Tougher licensing rules for authorised financial advisers - like suspected Ponzi-scheme operator David Ross - won't be introduced in a law change despite being suggested by the market regulator.
Wellington's Ross Asset Management was raided by the Financial Markets Authority last year after complaints from an investor attempting to get money out. The High Court then froze the business' assets as well as those of its founder, David Ross, and appointed receivers to manage the firm's affairs.
Although Ross' 900 clients believed their investments were worth almost $450 million, receivers from PwC could identify only about $11 million in his group of companies.
PwC's John Fisk also said last year that they had found "characteristics of a Ponzi scheme" at Ross Asset Management and the FMA and Serious Fraud Office are both investigating Ross and his company.
As well as a being a chartered accountant, Ross was licensed by the FMA as an authorised financial adviser - a designation that investors took confidence from.
To get authorisation as an adviser, an applicant needs to provide proof of competence and pass a "good character" test.
According to the FMA, if an applicant satisfies the relevant criteria, the regulator must authorise them.
It only has discretion over the "good character" test and over whether any criminal convictions an applicant may have would be relevant to their fitness as a financial adviser.
In Ross' case, he relied on a testimonial from the Institute of Finance Professionals and a letter from a client to satisfy these good character requirements.
After the Ross collapse, Commerce Minister Craig Foss wrote to the FMA requesting an assurance "regarding the robustness and appropriateness of the FMA's processes for authorising" advisers.
Foss also asked what improvements would enhance the adviser regime.
In his reply, FMA chief executive Sean Hughes said he was satisfied the market regulator's authorisation of advisers was consistent with the existing regime but said improvements to the rules could "significantly reduce the possibility of this type of case arising again".
In this letter, released to the Herald under the Official Information Act, Hughes suggested a number of regulatory improvements the Government could make.
These included setting "significantly higher entry requirement hurdles" for adviser applicants, including making them submit detailed business records and client files.
Another option Hughes put forward was making applicants satisfy "a fit and proper" test like those when an application for a trustee or statutory supervisor licence is made.
Other suggestions from Hughes included placing more auditing, reporting and accounting requirements on providers running a discretionary investment management service such as Ross.
Another was reviewing the definition of a "wholesale client", which a number of Ross investors were classified as and who receive less protection than retail investors.
While Foss says he took the "key" suggestions on board and added them into the tabled Financial Markets Conduct Bill, tighter licensing rules for advisers will not come into force with this proposed law.
Rather, Foss says the law will "open the door" for future changes to the licensing regime if necessary.

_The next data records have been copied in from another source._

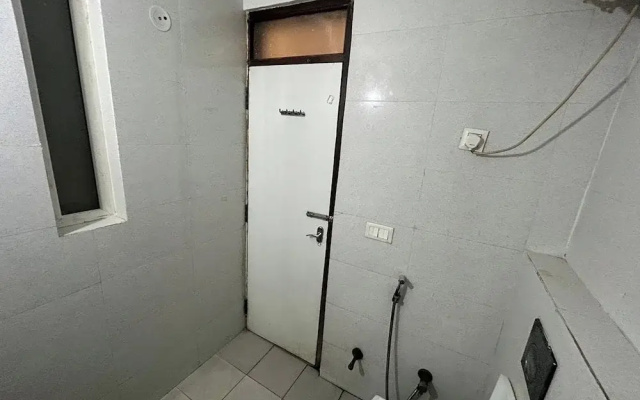 Hotel 82 Inn
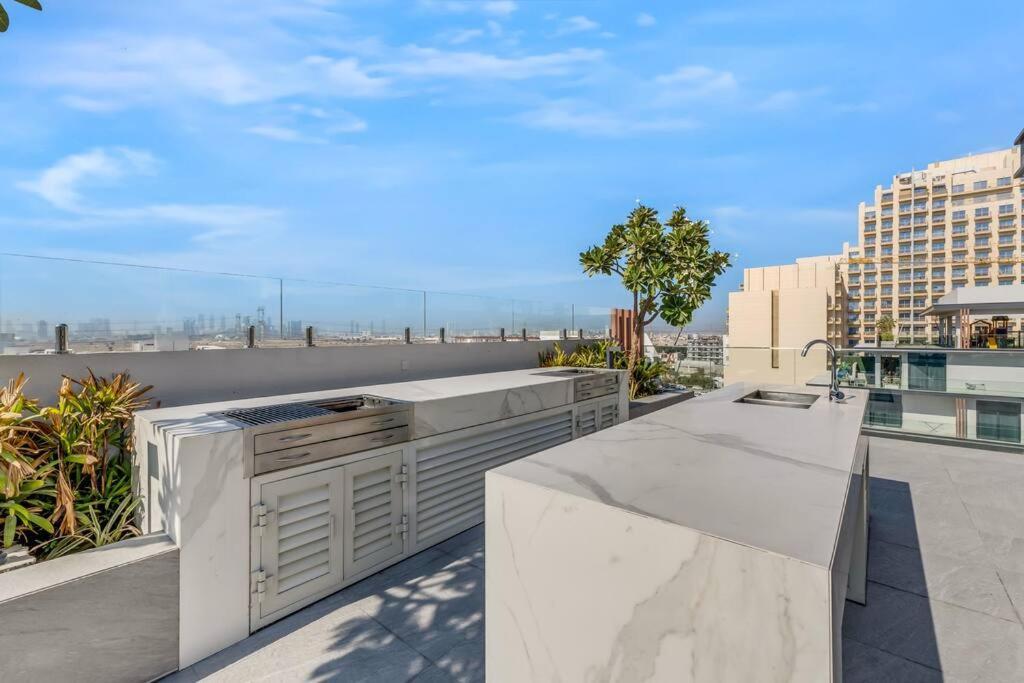 Waves - Spacious 1br With Balcony In Jvc * Dubai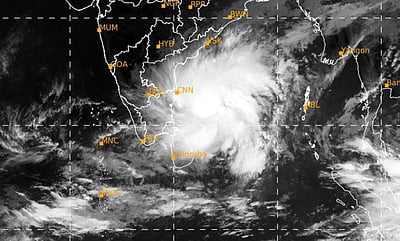 சில மணிநேரத்தில் உருவாகிறது ஃபென்ஜால் புயல்!! 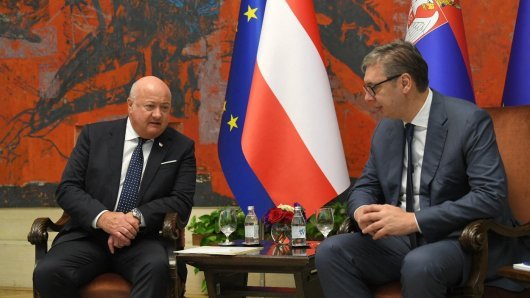 Austrijski kancelar iznenađen Vučićevom reakcijom na pitanja novinara: 'To se mora izdržati'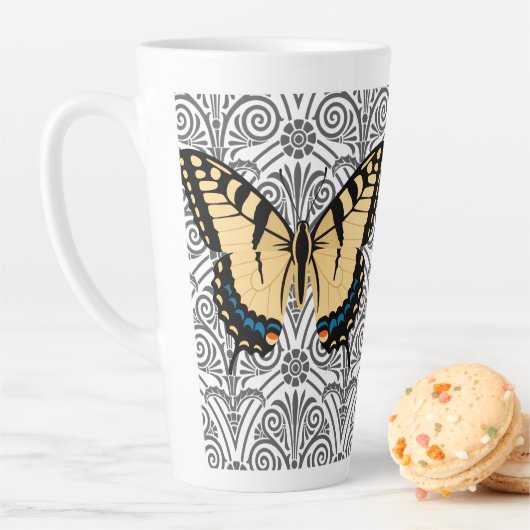 Tasse Latte Centre d'attention papillon (En situation)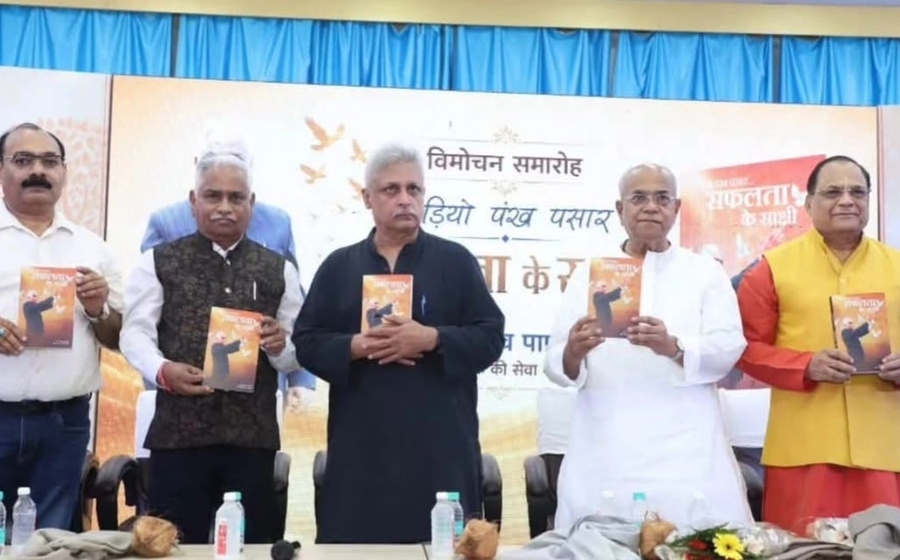 ग्वालियर में"सफलता के साक्षी" का लोकार्पण, पियूष मिश्रा ने कहा— समाज के लिए समर्पित लोग ही असली प्रेरणा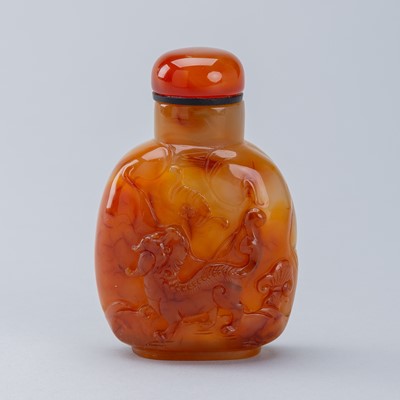 Lot 1809 - AN AGATE ‘QILIN AND BAT’ SNUFF BOTTLE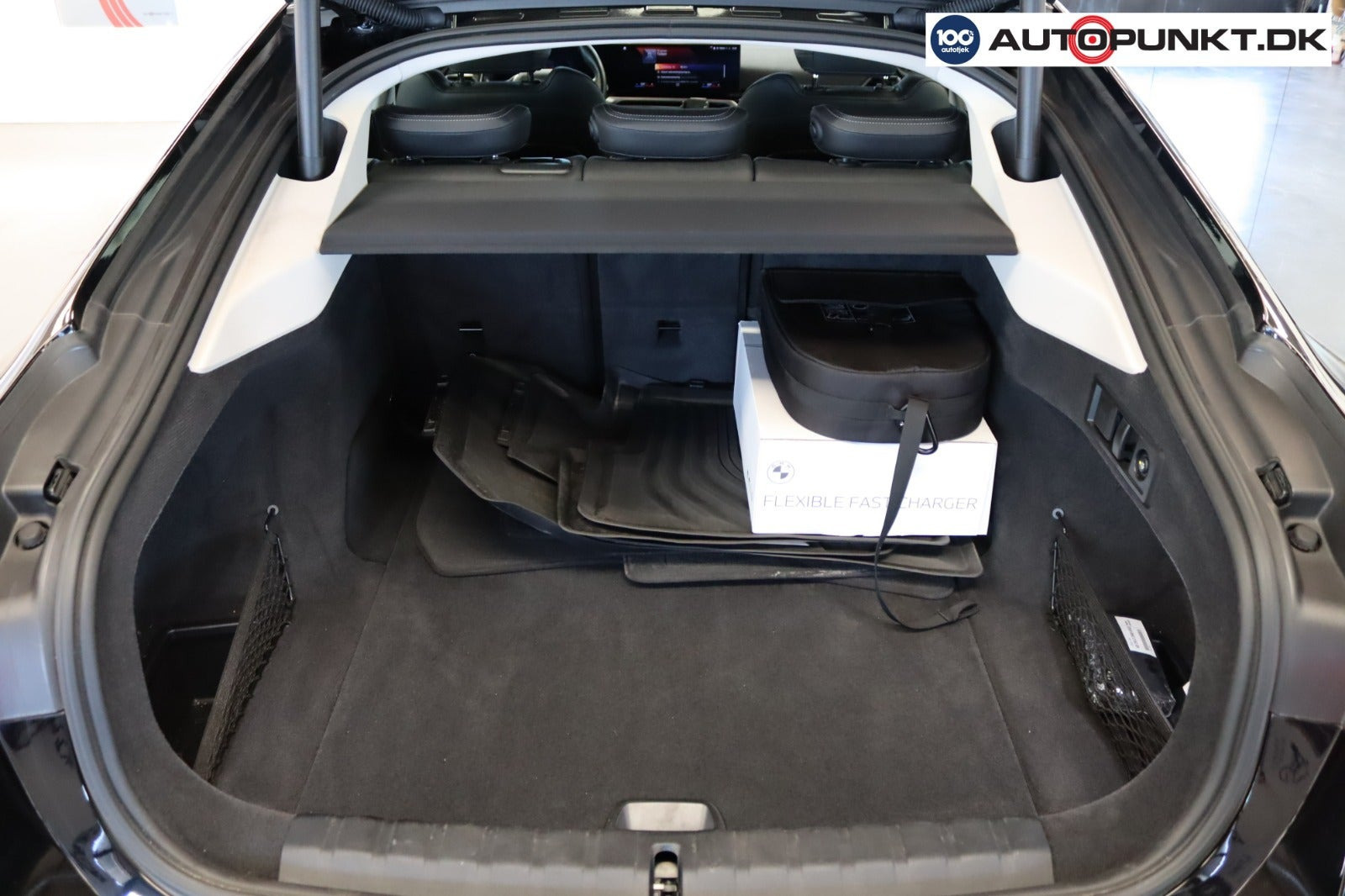 Sort BMW i4 fra 2023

Part of the reason not to include tighter licensing requirements in this law was that it would take time, he said. "I said: 'We've got to get a move on with this bill.' To go through the full licensing, that would involve a whole lot more consultation, redrafting and basically time eaten up," said Foss, who is the minister responsible for the Financial Markets Conduct Bill.
"It doesn't mean it's totally off the table, but as far as this is concerned right now, yes it is. It's got to be seen in partnership with the other changes [that have been made]."
Foss said he also wanted to balance the need for regulation with the desire not put extra costs on those who work within the rules.
The Financial Markets Conduct Bill is expected to be passed into law this year.